▶ [EXERCISE PROMPT] With pictures removed, print the listing exactly.
_ _ _
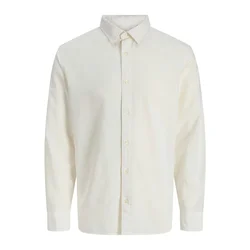 Jack & Jones Junior Srajca JJEBREEZE bela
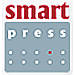 V�herci sout�e "Vyhrajte kni�n� novinku �koda neva�it � Kucha�ka pln� hudby od nakladatelstv� Smart Press"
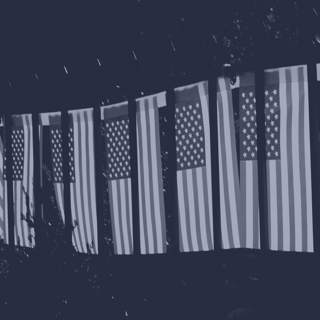 An Independence Day tradition from the NPR Politics Podcast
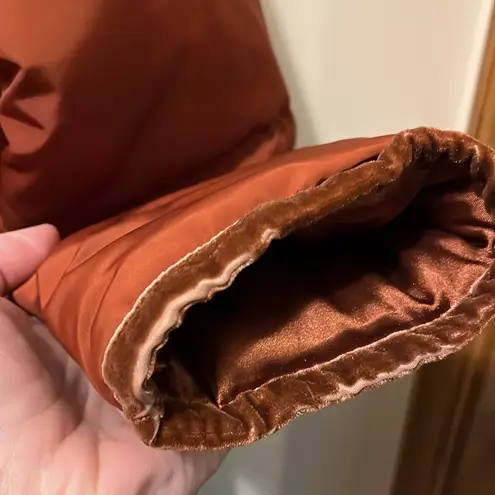 Scotch & Soda padded technical jacket oversized XS - missing hood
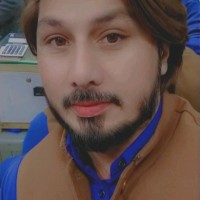 Zahid Maqbool
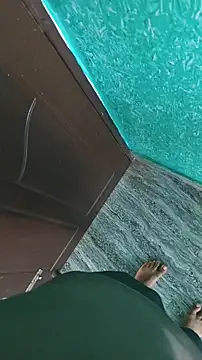 Snapshot of HorNy_Bro_Sis chatting on 11.09.25 HorNy Bro Sis online show from 11.09.25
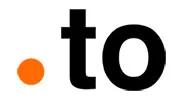 dot to logo 2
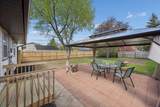 5322 53rd Avenue - Photo 14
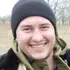 Я Гоша, 39, из Пролетарска, ищу знакомство для секса на одну ночь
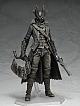 MAX FACTORY Bloodborne The Old Hunters Edition figma Hunter The Old Hunters Edition gallery thumbnail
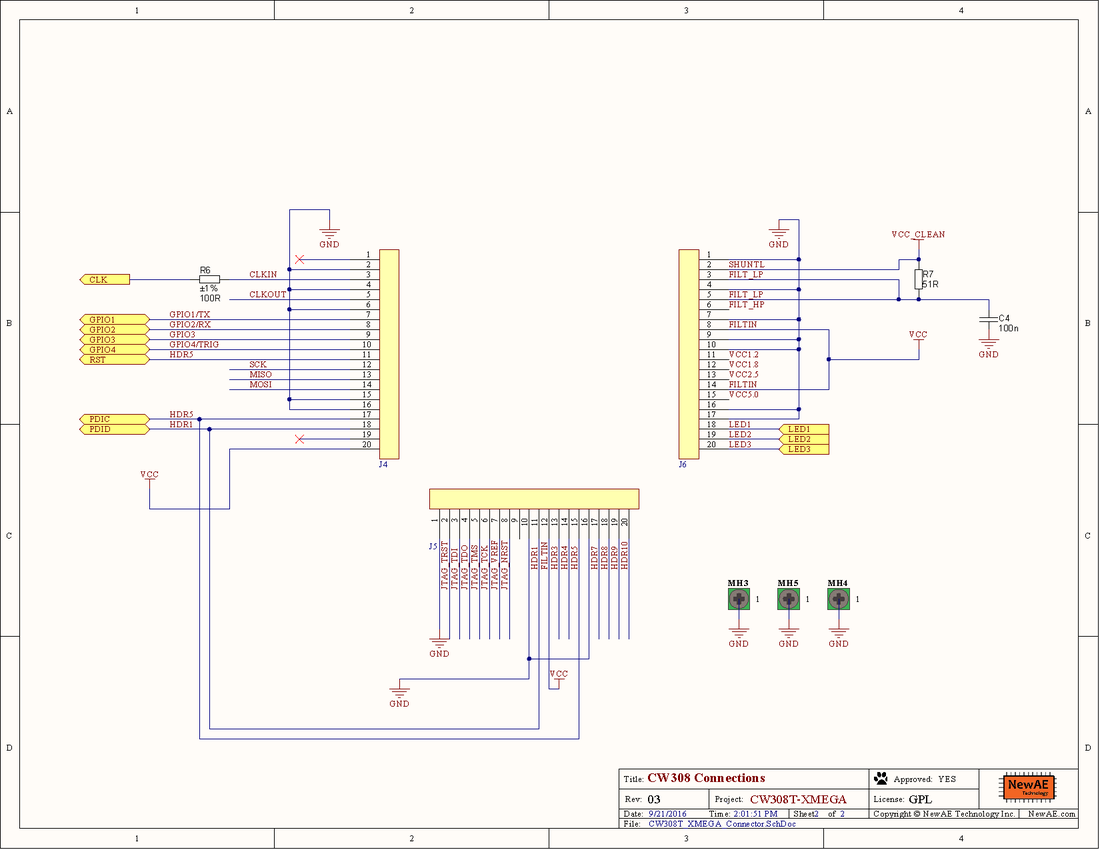 CW308T XMEGA Schematic Page 2.png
_ _ _
▶ [FINISHED TASK]
 Jack & Jones Junior Srajca JJEBREEZE bela
 V�herci sout�e "Vyhrajte kni�n� novinku �koda neva�it � Kucha�ka pln� hudby od nakladatelstv� Smart Press"
 An Independence Day tradition from the NPR Politics Podcast
 Scotch & Soda padded technical jacket oversized XS - missing hood
 Zahid Maqbool
 Snapshot of HorNy_Bro_Sis chatting on 11.09.25 HorNy Bro Sis online show from 11.09.25
 dot to logo 2
 5322 53rd Avenue - Photo 14
 Я Гоша, 39, из Пролетарска, ищу знакомство для секса на одну ночь
 MAX FACTORY Bloodborne The Old Hunters Edition figma Hunter The Old Hunters Edition gallery thumbnail
 CW308T XMEGA Schematic Page 2.png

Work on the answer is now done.